The Language of Algebra
All domains of modern mathematics use algebraic expressions and formulas. Because of this, algebraic notation has become quite universal, even if the meanings of expressions and formulas can be very different in different domains of mathematics. These differences can be very confusing, especially since mathematicians are rather parsimonious in the choice of their symbols. Even the most common symbols of arithmetic, such as +, -, >, and =, are used freely in other domains of mathematics, and they have meanings that are very different from their original meanings in arithmetic.
So we often say that algebra provides a language for all of mathematics. But use of the language is strongly regulated by its grammatical rules, which describe how individual words and phrases relate to each other, and how they form coherent sentences and texts. Does algebra as a language have a grammar? What are its words, and how do they relate to each other?
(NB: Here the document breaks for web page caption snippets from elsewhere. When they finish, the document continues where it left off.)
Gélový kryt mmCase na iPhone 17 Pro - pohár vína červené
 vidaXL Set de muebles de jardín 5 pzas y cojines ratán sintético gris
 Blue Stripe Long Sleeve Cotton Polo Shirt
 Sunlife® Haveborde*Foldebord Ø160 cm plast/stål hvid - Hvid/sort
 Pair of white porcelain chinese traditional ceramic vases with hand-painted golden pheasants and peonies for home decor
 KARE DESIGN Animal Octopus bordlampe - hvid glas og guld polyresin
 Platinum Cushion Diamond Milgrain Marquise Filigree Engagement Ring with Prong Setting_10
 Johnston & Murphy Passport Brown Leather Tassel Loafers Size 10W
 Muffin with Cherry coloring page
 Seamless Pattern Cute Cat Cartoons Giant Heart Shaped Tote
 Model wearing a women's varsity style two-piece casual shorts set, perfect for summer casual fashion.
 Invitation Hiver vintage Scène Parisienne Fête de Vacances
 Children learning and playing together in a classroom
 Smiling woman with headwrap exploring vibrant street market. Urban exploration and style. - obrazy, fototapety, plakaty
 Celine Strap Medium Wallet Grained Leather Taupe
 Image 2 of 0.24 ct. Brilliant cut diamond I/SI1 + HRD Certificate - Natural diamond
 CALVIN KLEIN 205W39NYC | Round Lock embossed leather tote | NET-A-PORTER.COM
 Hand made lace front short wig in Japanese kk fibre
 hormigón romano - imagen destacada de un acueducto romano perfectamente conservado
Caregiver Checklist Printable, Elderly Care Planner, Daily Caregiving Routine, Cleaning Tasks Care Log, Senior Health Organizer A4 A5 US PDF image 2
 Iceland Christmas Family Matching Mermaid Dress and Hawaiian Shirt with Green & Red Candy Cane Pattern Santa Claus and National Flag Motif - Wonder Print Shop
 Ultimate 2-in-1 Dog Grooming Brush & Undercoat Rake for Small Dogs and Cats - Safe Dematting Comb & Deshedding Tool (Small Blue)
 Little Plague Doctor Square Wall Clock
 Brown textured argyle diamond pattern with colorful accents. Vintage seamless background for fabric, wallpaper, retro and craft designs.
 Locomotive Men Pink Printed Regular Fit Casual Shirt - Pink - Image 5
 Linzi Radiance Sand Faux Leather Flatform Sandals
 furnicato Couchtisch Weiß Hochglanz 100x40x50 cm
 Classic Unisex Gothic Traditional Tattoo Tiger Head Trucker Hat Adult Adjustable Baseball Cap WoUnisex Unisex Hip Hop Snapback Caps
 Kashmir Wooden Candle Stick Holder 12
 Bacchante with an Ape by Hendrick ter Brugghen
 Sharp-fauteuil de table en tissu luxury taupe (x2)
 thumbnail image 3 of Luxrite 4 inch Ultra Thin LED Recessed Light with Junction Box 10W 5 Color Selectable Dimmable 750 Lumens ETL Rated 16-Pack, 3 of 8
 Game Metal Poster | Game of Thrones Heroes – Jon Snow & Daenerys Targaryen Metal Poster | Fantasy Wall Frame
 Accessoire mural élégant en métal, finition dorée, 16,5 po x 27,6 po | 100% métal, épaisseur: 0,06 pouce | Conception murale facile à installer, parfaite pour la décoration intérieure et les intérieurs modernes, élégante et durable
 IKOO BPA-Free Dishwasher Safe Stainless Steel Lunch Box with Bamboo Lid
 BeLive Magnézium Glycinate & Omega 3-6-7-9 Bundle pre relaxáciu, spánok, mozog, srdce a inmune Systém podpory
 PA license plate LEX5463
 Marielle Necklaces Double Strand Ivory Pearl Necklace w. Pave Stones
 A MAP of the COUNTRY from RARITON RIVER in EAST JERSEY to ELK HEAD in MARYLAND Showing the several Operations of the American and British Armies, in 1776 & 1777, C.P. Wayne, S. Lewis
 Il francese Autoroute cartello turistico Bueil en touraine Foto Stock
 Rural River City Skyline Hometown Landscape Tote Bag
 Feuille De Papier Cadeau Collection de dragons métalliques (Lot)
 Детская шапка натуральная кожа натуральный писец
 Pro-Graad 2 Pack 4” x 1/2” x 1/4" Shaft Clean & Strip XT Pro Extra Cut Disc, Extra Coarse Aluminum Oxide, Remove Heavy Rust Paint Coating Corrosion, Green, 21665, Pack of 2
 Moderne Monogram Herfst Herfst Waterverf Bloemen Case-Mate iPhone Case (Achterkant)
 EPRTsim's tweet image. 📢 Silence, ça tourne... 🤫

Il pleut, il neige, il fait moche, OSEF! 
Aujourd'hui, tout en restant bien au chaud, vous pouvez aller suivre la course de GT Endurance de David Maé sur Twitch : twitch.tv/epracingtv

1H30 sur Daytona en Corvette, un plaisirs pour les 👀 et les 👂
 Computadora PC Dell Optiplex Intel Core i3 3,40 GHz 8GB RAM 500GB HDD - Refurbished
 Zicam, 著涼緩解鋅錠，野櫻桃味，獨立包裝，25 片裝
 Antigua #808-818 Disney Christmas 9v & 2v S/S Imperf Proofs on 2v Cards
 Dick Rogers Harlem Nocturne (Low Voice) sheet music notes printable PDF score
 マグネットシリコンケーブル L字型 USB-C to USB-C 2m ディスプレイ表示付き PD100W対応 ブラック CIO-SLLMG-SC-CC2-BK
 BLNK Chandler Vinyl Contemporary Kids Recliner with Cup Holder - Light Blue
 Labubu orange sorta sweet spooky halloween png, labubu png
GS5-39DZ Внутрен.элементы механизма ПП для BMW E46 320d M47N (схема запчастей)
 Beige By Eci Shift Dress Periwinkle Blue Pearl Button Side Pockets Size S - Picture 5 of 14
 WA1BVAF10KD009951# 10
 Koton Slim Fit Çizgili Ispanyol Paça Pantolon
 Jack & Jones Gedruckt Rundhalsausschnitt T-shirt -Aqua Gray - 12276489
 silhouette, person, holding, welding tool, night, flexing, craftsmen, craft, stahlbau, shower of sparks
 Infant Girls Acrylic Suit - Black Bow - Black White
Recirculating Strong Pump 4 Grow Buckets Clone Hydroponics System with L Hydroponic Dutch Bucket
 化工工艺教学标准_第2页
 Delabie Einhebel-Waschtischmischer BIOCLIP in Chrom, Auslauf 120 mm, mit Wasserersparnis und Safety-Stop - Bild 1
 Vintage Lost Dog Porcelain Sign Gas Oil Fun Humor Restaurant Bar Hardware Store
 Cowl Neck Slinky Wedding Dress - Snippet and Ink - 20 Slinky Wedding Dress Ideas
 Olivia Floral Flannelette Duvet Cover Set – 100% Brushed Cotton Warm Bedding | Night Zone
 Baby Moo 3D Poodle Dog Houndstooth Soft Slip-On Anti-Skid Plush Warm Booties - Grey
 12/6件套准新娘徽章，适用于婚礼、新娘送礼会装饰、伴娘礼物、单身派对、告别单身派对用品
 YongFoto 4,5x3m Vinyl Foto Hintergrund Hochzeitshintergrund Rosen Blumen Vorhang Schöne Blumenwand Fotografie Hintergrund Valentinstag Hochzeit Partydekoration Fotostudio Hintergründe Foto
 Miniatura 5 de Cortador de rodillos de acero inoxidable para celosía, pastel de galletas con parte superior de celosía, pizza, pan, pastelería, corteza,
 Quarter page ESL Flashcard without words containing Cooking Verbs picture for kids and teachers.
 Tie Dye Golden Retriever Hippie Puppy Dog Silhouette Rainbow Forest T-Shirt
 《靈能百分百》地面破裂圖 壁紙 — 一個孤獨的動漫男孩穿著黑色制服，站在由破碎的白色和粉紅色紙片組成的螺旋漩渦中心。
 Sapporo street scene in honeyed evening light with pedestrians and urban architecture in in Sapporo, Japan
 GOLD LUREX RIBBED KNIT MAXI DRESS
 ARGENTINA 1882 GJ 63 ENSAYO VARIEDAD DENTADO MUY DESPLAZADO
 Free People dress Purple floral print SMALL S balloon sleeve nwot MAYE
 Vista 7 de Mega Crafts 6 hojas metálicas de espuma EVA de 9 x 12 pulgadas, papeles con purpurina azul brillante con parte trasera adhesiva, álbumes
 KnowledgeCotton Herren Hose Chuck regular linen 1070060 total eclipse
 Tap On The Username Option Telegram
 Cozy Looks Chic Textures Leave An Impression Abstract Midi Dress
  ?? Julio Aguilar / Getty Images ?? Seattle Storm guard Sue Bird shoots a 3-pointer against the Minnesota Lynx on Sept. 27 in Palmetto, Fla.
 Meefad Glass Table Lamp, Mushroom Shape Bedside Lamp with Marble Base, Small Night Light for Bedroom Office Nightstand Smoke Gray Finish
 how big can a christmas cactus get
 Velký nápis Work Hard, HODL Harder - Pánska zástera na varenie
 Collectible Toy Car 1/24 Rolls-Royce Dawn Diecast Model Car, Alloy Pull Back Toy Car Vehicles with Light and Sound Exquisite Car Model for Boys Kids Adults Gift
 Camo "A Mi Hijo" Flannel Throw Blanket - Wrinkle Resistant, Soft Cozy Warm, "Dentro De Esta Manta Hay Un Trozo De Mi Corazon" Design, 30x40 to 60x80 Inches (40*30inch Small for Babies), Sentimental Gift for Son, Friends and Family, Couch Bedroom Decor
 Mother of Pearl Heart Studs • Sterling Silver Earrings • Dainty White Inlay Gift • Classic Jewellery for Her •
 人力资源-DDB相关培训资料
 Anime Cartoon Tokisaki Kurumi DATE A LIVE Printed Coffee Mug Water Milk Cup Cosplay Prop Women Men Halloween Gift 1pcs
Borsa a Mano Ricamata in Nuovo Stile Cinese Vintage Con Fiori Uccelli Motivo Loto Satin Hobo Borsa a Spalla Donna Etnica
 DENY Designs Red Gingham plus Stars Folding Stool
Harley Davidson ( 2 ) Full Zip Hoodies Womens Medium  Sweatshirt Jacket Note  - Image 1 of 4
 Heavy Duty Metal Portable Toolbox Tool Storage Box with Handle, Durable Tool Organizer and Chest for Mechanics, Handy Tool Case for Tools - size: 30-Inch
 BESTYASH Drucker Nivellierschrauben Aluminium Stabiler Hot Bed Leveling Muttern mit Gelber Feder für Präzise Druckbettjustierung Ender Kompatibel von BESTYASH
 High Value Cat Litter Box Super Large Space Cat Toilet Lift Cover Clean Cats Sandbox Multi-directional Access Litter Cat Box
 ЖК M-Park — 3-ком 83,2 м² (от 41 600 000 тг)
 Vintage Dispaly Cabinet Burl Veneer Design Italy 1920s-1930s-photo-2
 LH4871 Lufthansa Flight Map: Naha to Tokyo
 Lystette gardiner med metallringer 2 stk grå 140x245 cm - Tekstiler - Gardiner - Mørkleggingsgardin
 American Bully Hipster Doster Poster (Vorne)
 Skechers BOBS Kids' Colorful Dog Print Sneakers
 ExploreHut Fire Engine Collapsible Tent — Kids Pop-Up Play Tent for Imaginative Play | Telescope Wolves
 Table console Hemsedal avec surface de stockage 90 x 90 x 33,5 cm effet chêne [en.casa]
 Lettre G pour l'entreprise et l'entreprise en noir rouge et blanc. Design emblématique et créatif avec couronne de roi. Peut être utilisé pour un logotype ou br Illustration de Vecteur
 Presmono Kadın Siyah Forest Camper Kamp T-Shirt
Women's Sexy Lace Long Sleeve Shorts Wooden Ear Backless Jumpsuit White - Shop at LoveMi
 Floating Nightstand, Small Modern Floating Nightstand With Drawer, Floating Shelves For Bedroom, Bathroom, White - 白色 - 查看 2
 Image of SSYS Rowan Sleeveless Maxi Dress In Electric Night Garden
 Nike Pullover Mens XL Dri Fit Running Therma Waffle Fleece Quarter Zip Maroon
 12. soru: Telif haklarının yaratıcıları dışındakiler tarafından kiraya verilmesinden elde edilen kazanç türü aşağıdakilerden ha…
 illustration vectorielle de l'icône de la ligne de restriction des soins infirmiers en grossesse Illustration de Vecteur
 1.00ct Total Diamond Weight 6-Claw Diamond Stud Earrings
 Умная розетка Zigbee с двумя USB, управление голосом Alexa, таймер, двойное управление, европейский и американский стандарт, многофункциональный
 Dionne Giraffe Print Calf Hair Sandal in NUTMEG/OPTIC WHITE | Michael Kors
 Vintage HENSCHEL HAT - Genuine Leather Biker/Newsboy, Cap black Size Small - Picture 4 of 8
We will look only at algebraic expressions that are common to the part of algebra that is taught in schools before the general concept of function is taught, and before functional notation such as f(x), g(x), and so on, is introduced.The basic building blocks that play the role of words in algebra are:
The grammatical rules of algebra govern which values are inputs to which operations. When algebraic expressions are used in different domains of mathematics, the meanings of variables and other symbols may change, but the grammatical rules remain the same. This is more than just a convenience. Many problems in mathematics can be solved without looking at the meaning, but just by looking at the rules. This part of mathematics has been called 'symbolic' or 'formal', but now it is most often called 'algorithmic'. This feature of mathematics has enabled the modern automatization of information processing. Computers never process meaning in any human sense. They process data, using only "formal" features of the data.
A word of warning. Just as different human languages have different grammars, so the grammar of school algebra is not the only possible one. Not only are other languages of algebra possible, but they are often used in the processing done by computers.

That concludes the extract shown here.